Physicists have been chasing results like these for a number of years, but since 1999, Murphy and his co-researchers have been ahead of the pack. They’ve published a series of observations from the Keck Telescope in Hawaii as further evidence of a varying fine structure constant. But, a few years ago, another research team claimed that data from a different telescope contradicted Murphy’s observations.

However, he’s been able to prove that the contradictory work itself was flawed. “We’ve shown that the way the data was analysed was faulty,” he said. “Their procedures were faulty so the numbers that came out are meaningless. Our paper points this out. When you replicate their analysis and fix their problems, you get a very very different answer indeed.”


This is fine and dandy. However, by leaving it as is, it gives a very misleading impression that this "proof" done by them is a done deal. This is false because in the same issue of PRL, Srianand et al. gave their own comment[4] against the analysis done by Murphy et al. In it, they made the argument on why they stand by their earlier results.

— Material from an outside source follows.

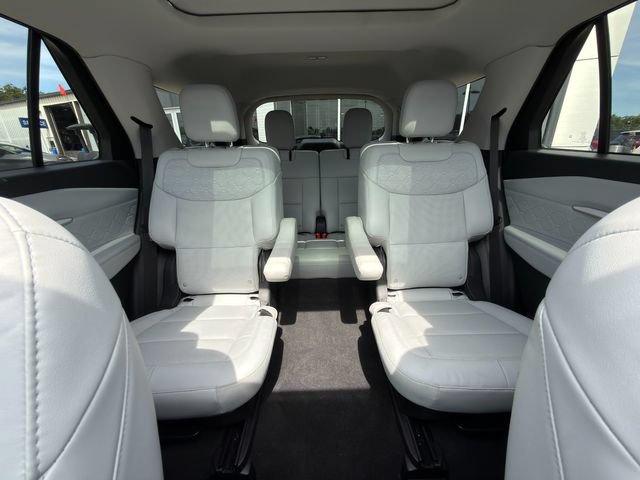 Used 2025 Ford Explorer Platinum w/ Ultimate Package AWD/4WD image 42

Regardless on who you believe, this issue isn't settled, especially considering the nature of the "evidence" and the degree of certainty. This is certainly different than the impression one gets after reading this news article. It is unfortunate that they only reported on the first comment but not on the response to that comment. Someone has not been doing his/her homework on this.

Zz.

[1] M.T. Murphy et al. Phys. Rev. Lett. v.99, p.239001 (2007).
[2] R. Srianand et al. Phys. Rev. Lett. v.92, p.121302 (2004).
[3] J.K. Webb et al., Phys. Rev. Lett. v.82, p.884 (1999).
[4] R. Srianand et al., Phys. Rev. Lett. v.99, p.239002 (2007).

1 comment:

Anonymous said...

The Lava Lamp Theory of the Universe

Why not think of Big Bangs occuring over and over, as when watching a lava lamp. The lava contracts to the heat then expands out and up, then cools and retreats back. But sometimes there is a bit of lava that does not 'get back to the center' before the next 'BIG BANG'. So that could explain some anomalies in the universe.